How to pull carbon dioxide out of seawater
How to pull carbon dioxide out of seawater

According to Varanasi, a mechanical engineering professor, the removal of carbon dioxide and reinjection of alkaline water could gradually begin to reverse, at least locally, the acidification of the oceans caused by carbon dioxide buildup, which has threatened coral reefs and shellfish. They propose reinjecting alkaline water through dispersed outlets or far offshore to avoid a local spike in alkalinity that could disrupt ecosystems.

“We will not be able to treat the entire planet’s emissions,” Varanasi says. However, reinjection may be done in some cases in places such as fish farms, which tend to acidify the water, so this could be a way of helping to counteract that effect.

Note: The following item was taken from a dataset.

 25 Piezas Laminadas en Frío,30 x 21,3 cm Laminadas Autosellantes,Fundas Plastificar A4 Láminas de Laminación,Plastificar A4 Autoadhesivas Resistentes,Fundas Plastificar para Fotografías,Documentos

Once the carbon dioxide is removed from the water, it still needs to be disposed of, as with other carbon removal processes. For example, it can be buried in deep geologic formations under the sea floor, or it can be chemically converted into a compound like ethanol, which can be used as a transportation fuel, or into other specialty chemicals. “You can certainly consider using the captured CO2 as a feedstock for chemicals or materials production, but you’re not going to be able to use all of it as a feedstock,” says Hatton. “You’ll run out of markets for all the products you produce, so not matter what, a significant amount of the captured CO2 will need to be buried underground.”

At first, the idea would be to combine such systems with existing or planned infrastructure that already processes seawater, such as desalination plants. “This system is scalable, so we could potentially integrate it into existing processes that are already processing or in contact with ocean water,” Varanasi says. There, carbon dioxide removal could be a simple add-on to existing processes that already return vast amounts of water to the sea, and it would not require consumables such as chemical additives or membranes.

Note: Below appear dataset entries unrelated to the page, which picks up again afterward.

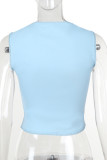 Blue Sexy Solid Color Hollow Out Patchwork Backless Square Neck Tops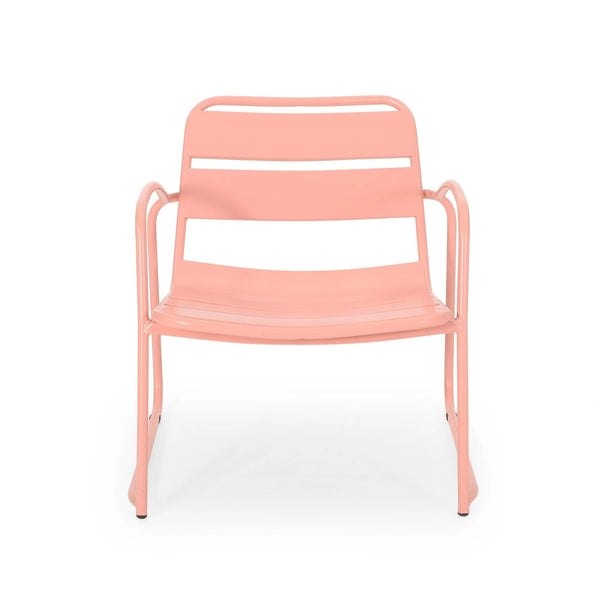 English Elm Christopher Knight Home® - CONRAD Modern Outdoor Chat Set with Powder-Coated Iron Frame, Open Slat Seats for Breezy Comfort Coral N775P250736C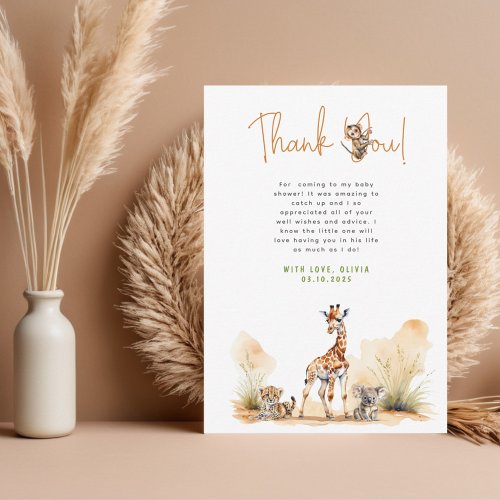 Safari Baby Animals Baby Shower Thank You Card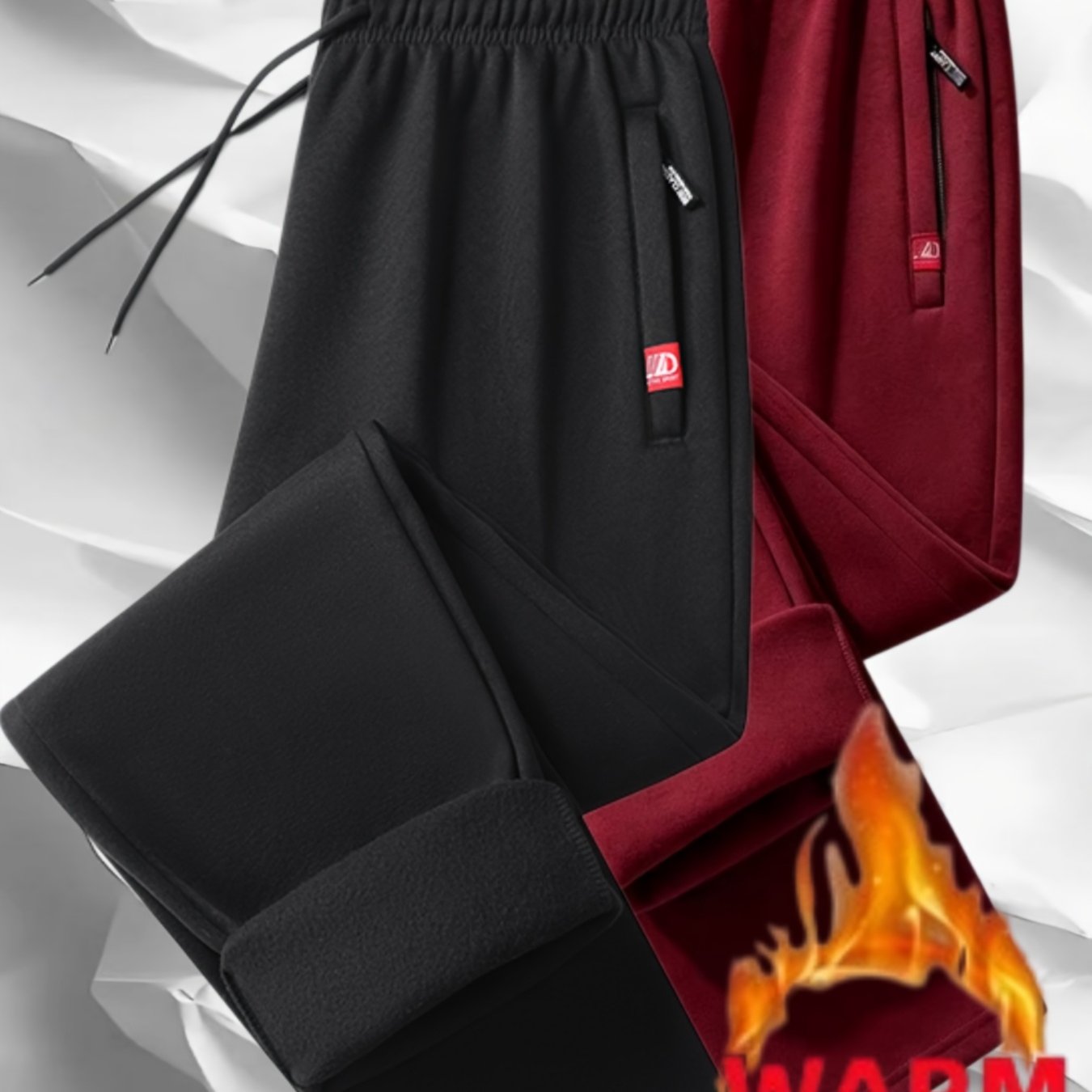 TEMU 2pcs Set, Winter Men's Fleece Joggers - Thickened , Side Zipper Pockets, Drawstring Waist Design, Outdoor Sports Casual Trousers, Essential For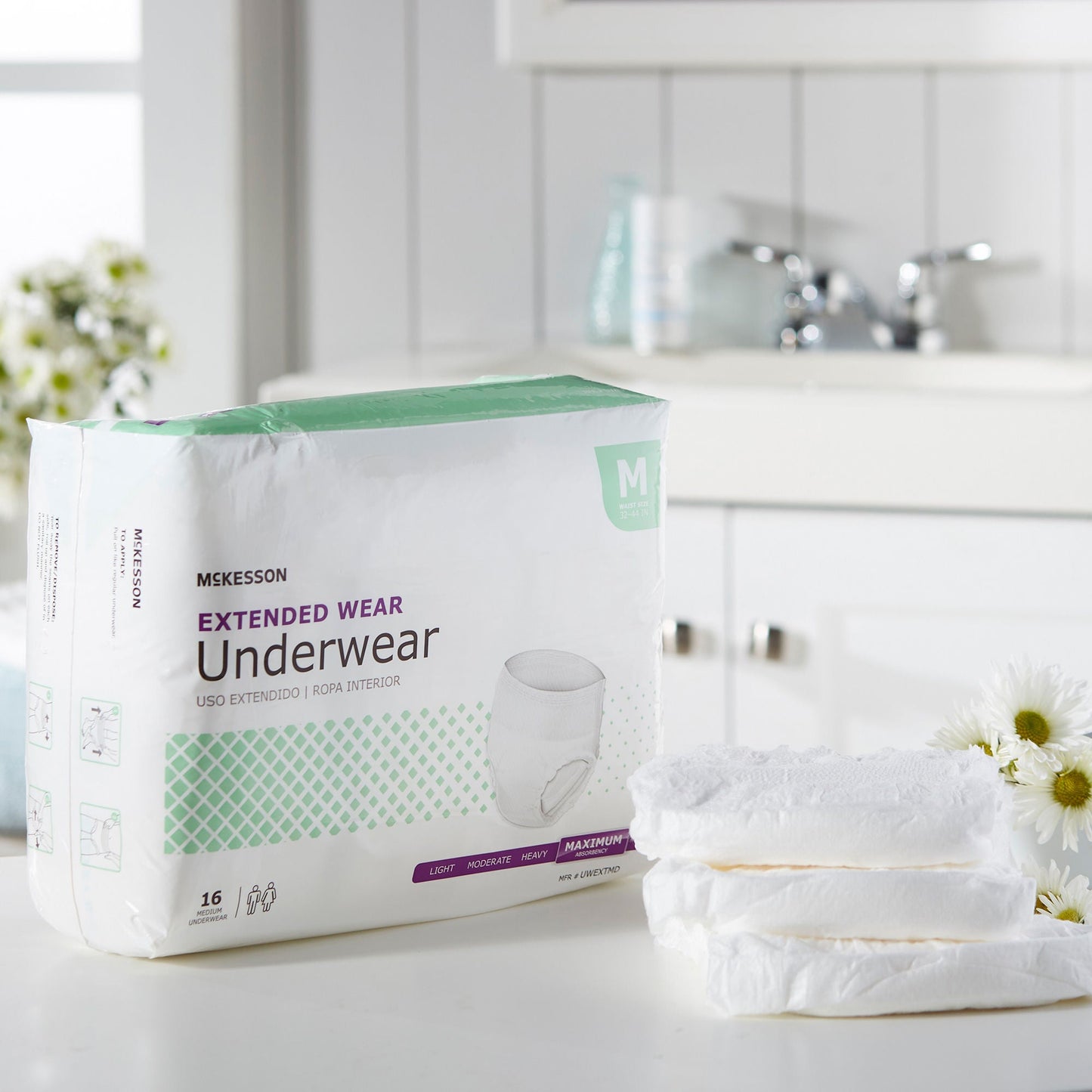 McKesson Extended Wear Maximum Absorbency Underwear, Medium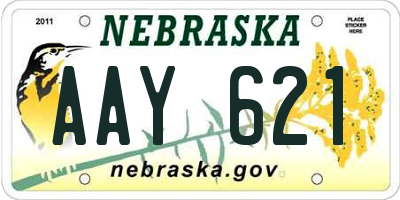 NE license plate AAY621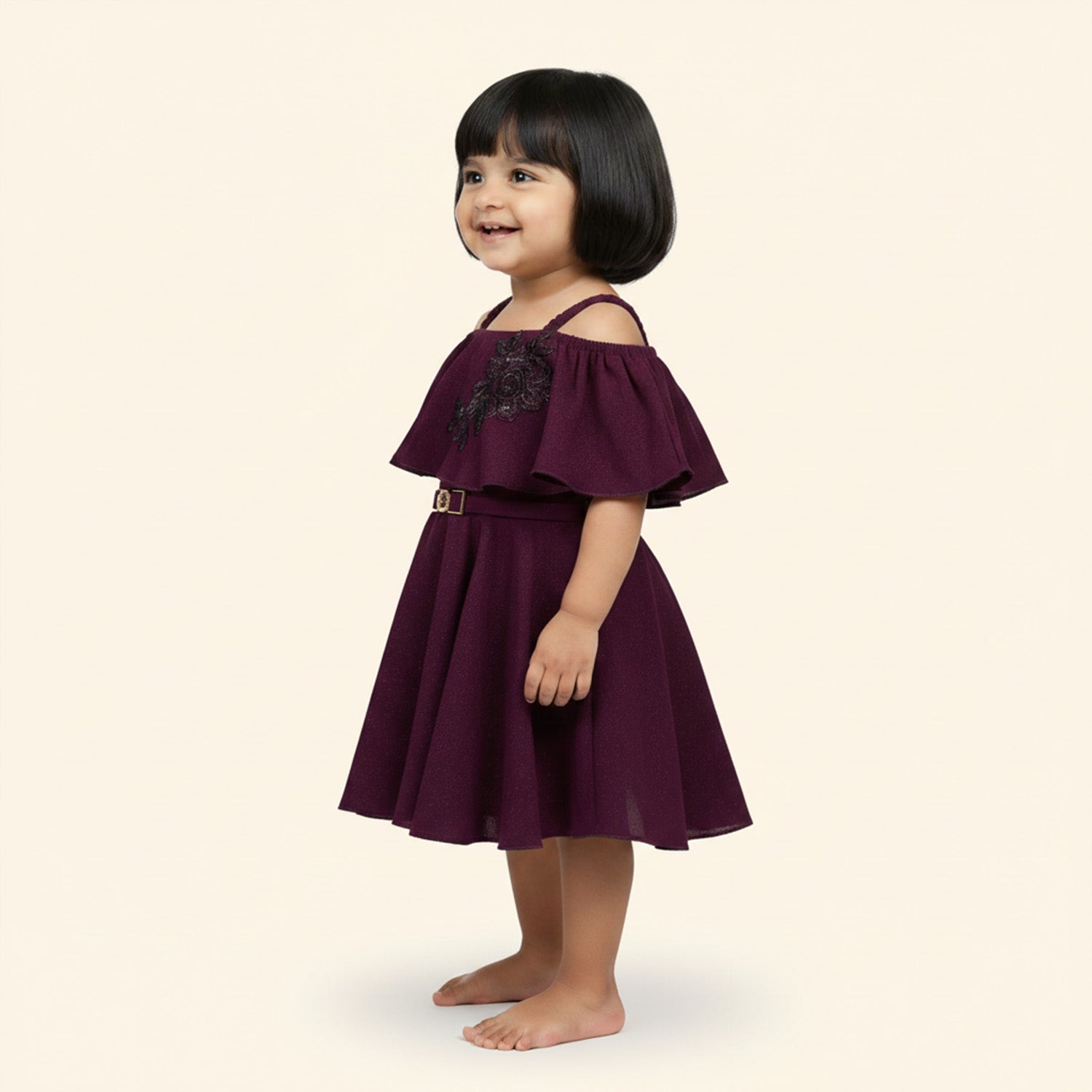 Baby Moo Off Shoulder Sleeves Fit and Flare Party Off Shoulder  Dress - Wine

“With desalination plants, you’re already pumping all the water, so why not co-locate there?” Varanasi says. “A bunch of capital costs associated with the way you move the water, and the permitting, all that could already be taken care of.”

Ships that process water as they travel could also use the system to help mitigate the significant contribution of ship traffic to overall emissions. There are already international mandates in place to reduce shipping emissions, and “this could help shipping companies offset some of their emissions and turn ships into ocean scrubbers,” says Varanasi.

The system could also be used in places like offshore drilling platforms or aquaculture farms. It could eventually lead to the deployment of free-standing carbon removal plants all over the world.

Hatton believes the process could be more efficient than air-capture systems because the concentration of carbon dioxide in seawater is more than 100 times higher than in air. In direct air-capture systems, the gas must first be captured and concentrated before it can be recovered. “However, because the oceans are large carbon sinks, the capture step has already been done for you,” he says. “There is no capture step; there is only release.” This means that the volumes of material that must be handled are much smaller, potentially simplifying the process and reducing the required footprint.

The investigation is still ongoing, with one goal being to find an alternative to the current step, which requires a vacuum to remove the separated carbon dioxide from the water. Another requirement is to identify operating strategies to prevent mineral precipitation, which can foul the electrodes in the alkalinization cell and reduce overall efficiency in all reported approaches. Hatton observes that while significant progress has been made on these issues, it is still too early to report on them. The team anticipates that the system will be ready for a practical demonstration project in two years.